Tak co do różnych stosowanych procedur, u mnie w mieście do zdarzeń w bloku typu pożar, zadymienie, jedzie z gaśniczymi zawsze drabina. Można na to sobie pozwolić dzięki dużej obsadzie na zmianie, ale mając na miejscu drabinę jest ona zawsze gotowa w przypadku konieczności ewakuacji.

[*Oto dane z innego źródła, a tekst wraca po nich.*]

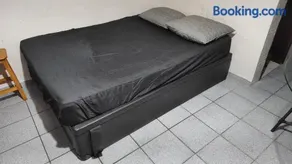 Apartamento Praia Grande - Image 2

A co do taktyki działań. Zakładamy że po dojeździe jest mocny dym z okien, przy rozpoznaniu drzwi do mieszkania zamknięte, klatka czysta. Próbował ktoś z Was przed otwarciem drzwi postawić przed klatką wentylator i wytworzyć na niej nadciśnienie? otwierając mieszkanie blokujemy wydostanie się dymu na klatkę, jednocześnie jednak dowietrzając pożar, automatycznie mamy ujście dymu, bo skoro wychodzi on już po naszym dojeździe oknami, tzn że są co najmniej uchylone. Co w sytuacji gdy wiemy że w środku są ludzie... obawa że dowietrzymy pożar za bardzo ale jednocześnie możliwość dostarczenia świeżego powietrza przy warstwie przypodłogowej, co może ich uratować zanim rota przeszuka i znajdzie. Jeszcze co gdy pożar już jest w pelni rozwinięty, dowietrzyć go mocniej już raczej się nie da, a przy takiej sytuacji raczej konieczne wydaje mi się ewakuowanie ludzi co najmniej z mieszkania powyżej, co odpada oknami/balkonem w sytuacji rozwiniętego pożaru, a jesli nie ma okien z drugiej strony to zostaje tylko klatka. Gdyby w takiej sytuacji wytworzyć na niej nadciśnienie przed otwarciem drzwi to mamy czystą drogę dla mieszkańców, ale chyba rzadko coś takiego u nas w kraju się stosuje, o ile w ogóle.